Search code examples
rvariablessplitcategories

R: create a new categorical variable from a categorical variable based on a continuous variable


I already had a look here, where the cut function is used. However, I haven't been able to come up with a clever solution given my situation.

First some example data that I currently have:

df <- data.frame(
  Category = LETTERS[1:20], 
  Nber_within_category = c(rep(1,8), rep(2,3), rep(6,2), rep(10,3), 30, 50, 77, 90)
)

I would like to make a third column that forms a new category based on the Nber_within_category column.

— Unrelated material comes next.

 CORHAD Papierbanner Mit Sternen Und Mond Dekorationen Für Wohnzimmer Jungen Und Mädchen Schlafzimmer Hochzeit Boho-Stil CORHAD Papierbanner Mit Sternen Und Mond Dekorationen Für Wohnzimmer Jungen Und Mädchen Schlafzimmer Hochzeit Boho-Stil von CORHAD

In this example, how can I make e.g. Category_new such that in each category, the Nber_within_category is at least 5 with the constrain that if Category already has Nber_within_category >= 5, that the original category is taken.

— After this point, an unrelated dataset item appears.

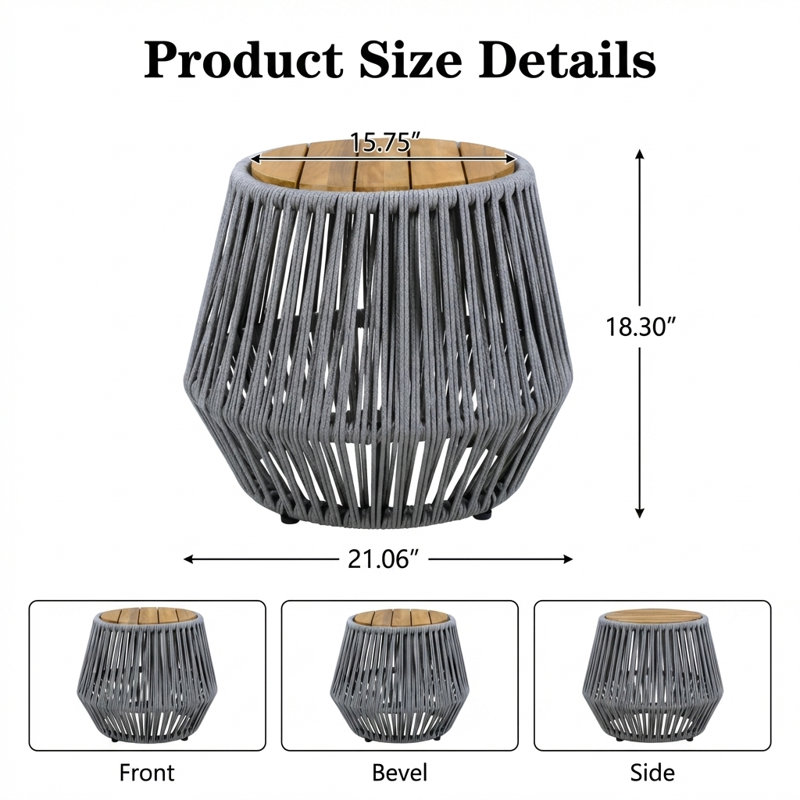 Table d'appoint durable et résistante aux intempéries avec plateau en bois massif et base tissée à la main, pièce polyvalente polyvalente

So for example, it should look like this:

df <- data.frame(
  Category = LETTERS[1:20], 
  Nber_within_category = c(rep(1,8), rep(2,3), rep(6,2), rep(10,3), 30, 50, 77, 90),
  Category_new = c(rep('a',5), rep('b', 4), rep('c',2), LETTERS[12:20])
)

Solution

  • It's a bit of a hack, but it works:

    df %>% 
      mutate(tmp = floor((cumsum(Nber_within_category) - 1)/5)) %>% 
      mutate(new_category = ifelse(Nber_within_category >= 5,
                                   Category,
                                   letters[tmp+1]))
    

    The line floor((cumsum(Nber_within_category) - 1)/5) is a way of categorising the cumsum with bins of size 5 (-1 to include the rows where the sum is exactly 5), and which I'm using as an index to get new categories for the rows where Nber_within_category < 5

    It might be easier to understand how the column tmp is defined if you run :

    x <- 1:100
    data.frame(x, y = floor((x- 1)/5))